Bitcoin at Risk of 10% Crash if this Support Falls Apart: Standard Chartered
01/15/2025 05:08Standard Chartered warns of potential Bitcoin crash below $90K, while markets show resilience with BTC trading at $96K amidst ETF concerns.
Key Notes
- Market dynamics show contrasting forces as institutional ETF purchases reach break-even points while accumulation trends maintain bullish momentum.
- Standard Chartered identifies 'convexity risks' from potential ETF unwinding, setting an $80,000 price target despite long-term $200K prediction.
- Technical indicators reveal neutral market sentiment with RSI at 49.54, suggesting an imminent directional breakout amid balanced buyer-seller activity.
Leading digital asset Bitcoin BTC $96 493 24h volatility: 2.0% Market cap: $1.91 T Vol. 24h: $51.69 B is at risk of a massive crash, according to Standard Chartered, a British multinational bank with over $850 billion in total assets. The firm’s Global Head of Digital Assets Research, Geoff Kendrick, states that BTC faces a potential 10% price drop if investors see a “clean break below $90,000.”

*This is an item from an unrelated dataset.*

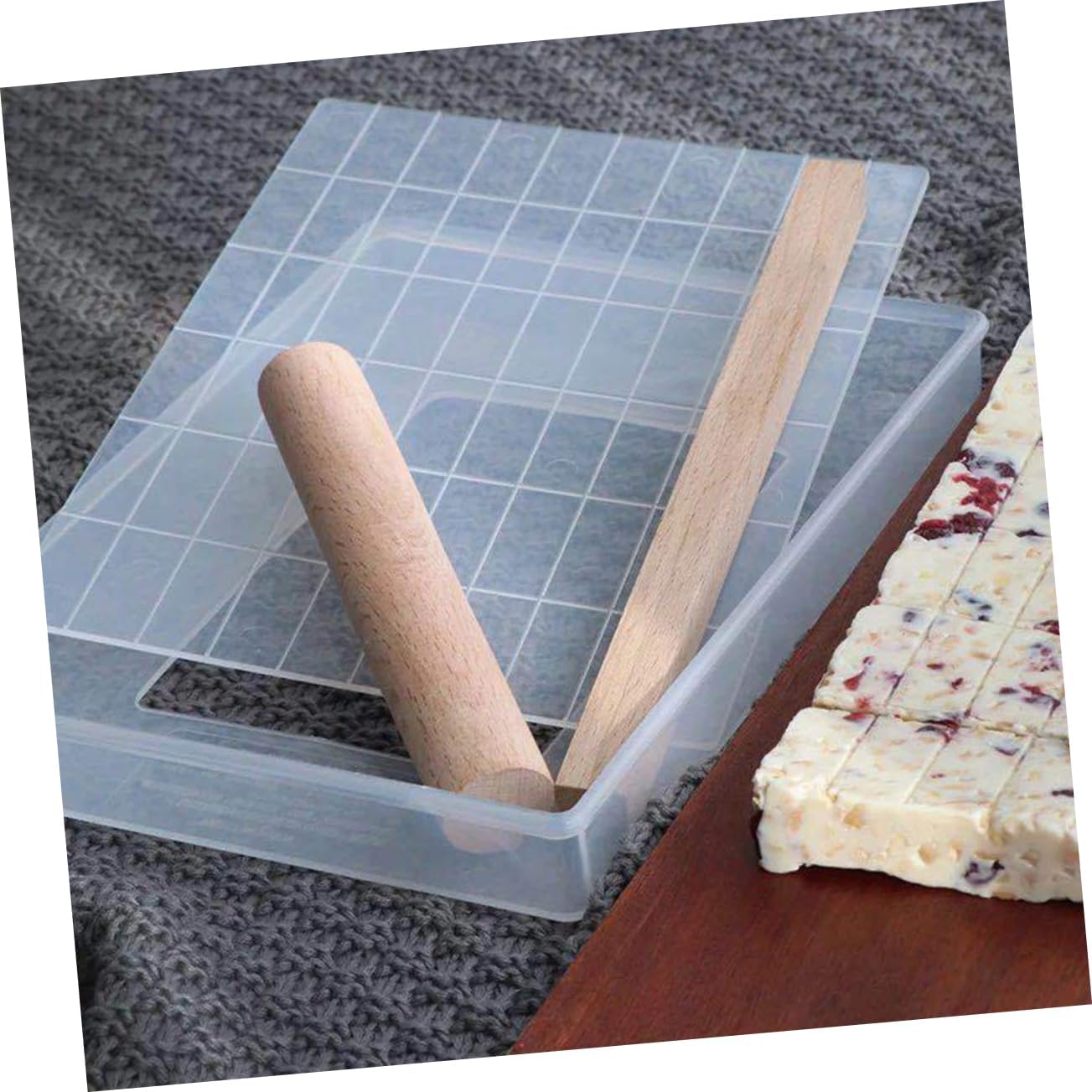 Nougat Making Tools Kit Reusable Non Stick Baking Plate Silicone Mat Mold Box Stick for DIY Candy Nougat Biscuits Chocolate for Homemade Treats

The crypto market saw Bitcoin drop below $90,000 for the first time since November on Monday, when the daily low stood at $89,256. However, immediately the buyers took over, and the digital asset was back trading above $90,000. According to data from CoinMarketCap, BTC is trading at $96,017.86 at the time of writing, up 4.53% in the past 24 hours. Tuesday’s high stands at $97,352.66, and a retest of $100,000 seems likely.
Bitcoin at $80K?
According to a report from TheBlock, Kendrick explained that Bitcoin faces “convexity risks,” which stem from the increased possibility of spot exchange-traded funds (ETFs) unwinding. The outflow of capital could cause BTC to crash as low as $80,000 in the short term, claims the multinational bank’s executive.
Kendrick said in a note on Tuesday that “a clean break below $90,000 for bitcoin would open up 10% of further downside near-term, to the low $80,000s,” while adding:
“Prices of all other digital assets would likely follow, and once that retracement has run its course, we would recommend accumulating longs again.”
If Bitcoin loses $90,000, the broader digital asset sector will follow, predicted Kendrick, printing at least 10% in losses. The Standard Chartered executive further stated that “spot bitcoin ETF purchases since the US election are now only breaking even, and the risk is that forced or panic selling adds to the current macro-driven sell-off.”
The recent Bitcoin purchases by MicroStrategy and US investors via spot BTC ETFs have broken even at current prices. Kendrick highlighted that “the risk of mark-to-market pain is building” in the short term, but in the long term, BTC is expected to hit $200,000 by the end of the year.
A Deeper BTC Analysis
A deeper Bitcoin analysis shows that the accumulation of Bitcoin continues to follow an uptrend. The cryptocurrency’s accumulation skyrocketed since October 2024 and remains high since, suggesting that investors are overall bullish on BTC.
The Relative Strength Index (RSI) reads a value of 49.54 for Bitcoin, which means that the buyers and the sellers are evenly matched, and a breakout to either side can be expected in the near future.